Usagi watched the papers and the news diligently for the next week, but nothing appeared. Even a few cursory glances of news websites didn't do her any good. With no leads, no weapon, no friends, and nothing to do, Usagi was getting restless.
"What should I be doing, Diana? I can't just be here to fight one little pile of goop!" she insisted, staring up at the ceiling. "Besides, even if that was all I was here for, wouldn't Mama or Papa have told me? Or at least sent me a message?"
"That does seem most likely," Diana agreed.
The strange guttural warning from the monster crossed Usagi's mind again: "More are coming…" It did disturb her a little.
"This can't be all!" she decided, sitting up, "There's some other reason I'm here! Or at least there's more to this threat that one creepy sludge-demon."
She stood triumphant for a moment before realizing she did not actually have any idea what she would do about this. She considered for a moment, before coming to the most reasonable conclusion:
"Come on, Diana! Let's go look for trouble!"
"Small Lady?" Diana asked, confused, as Usagi gathered her things.

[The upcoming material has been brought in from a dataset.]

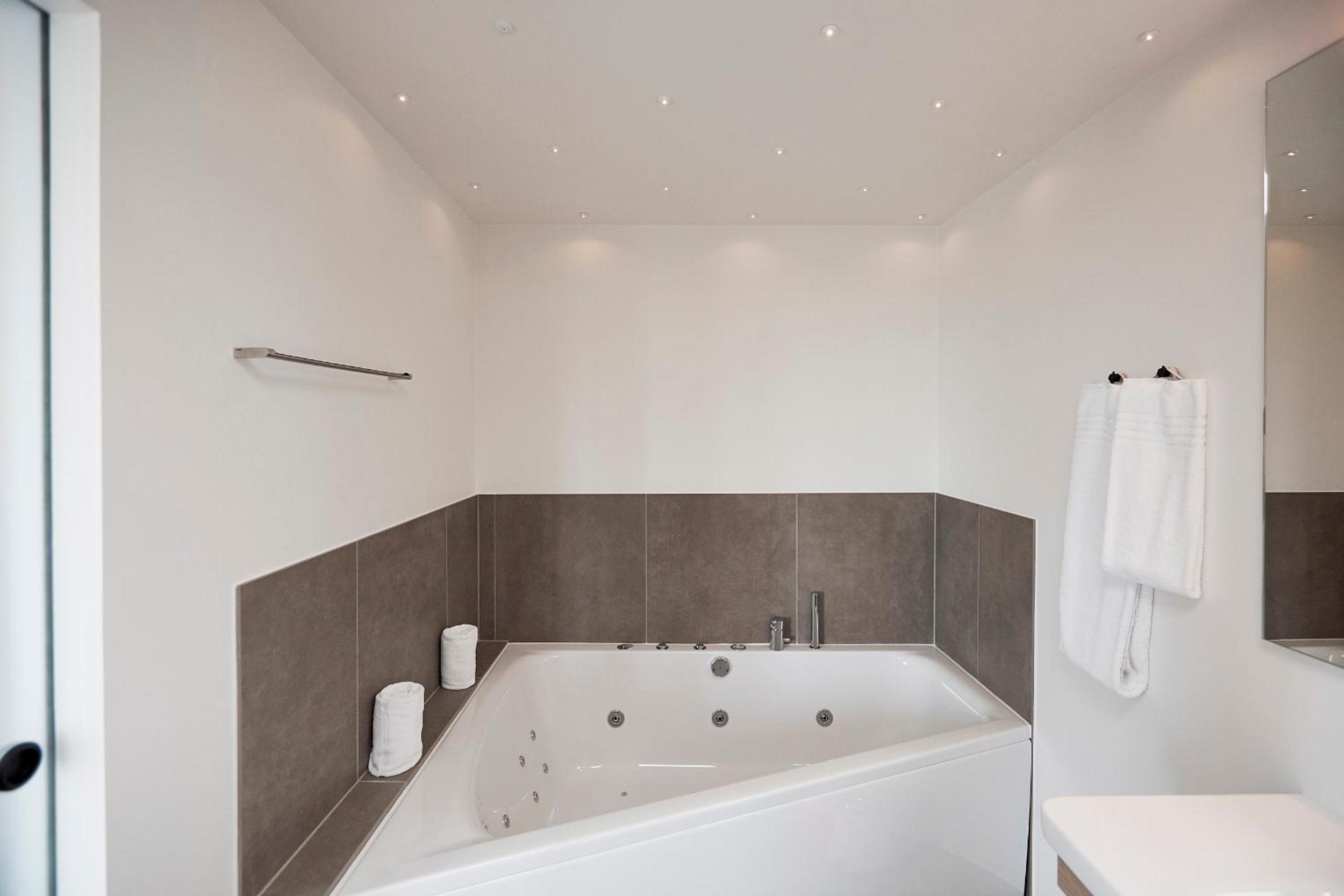 King Suite with Spa Bath photo 3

"You have a neat sort of cat-sense, right? You should be able to sense stuff!"
"I suppose…"
"Then let's go!"
Out in the world, the sky was somewhat gloomy, but the princess of the future was undeterred. Perhaps, while she was out, she could even get a nice lunch (instant noodles were getting old). For variety's sake, she took the train a ways out of town to broaden her horizons. She made sure she wasn't heading toward any of the past soldier's turf. In this new area she did some window-shopping, careful to curb any pricey urges as she was without a paying job and wasn't really sure if she could send home for more money or not. Though she had yet to find any apparent threats, she did find a nice, cheap lunch out. Her order didn't come out quite right, but still, she could make do (it was her own fault anyway, most likely).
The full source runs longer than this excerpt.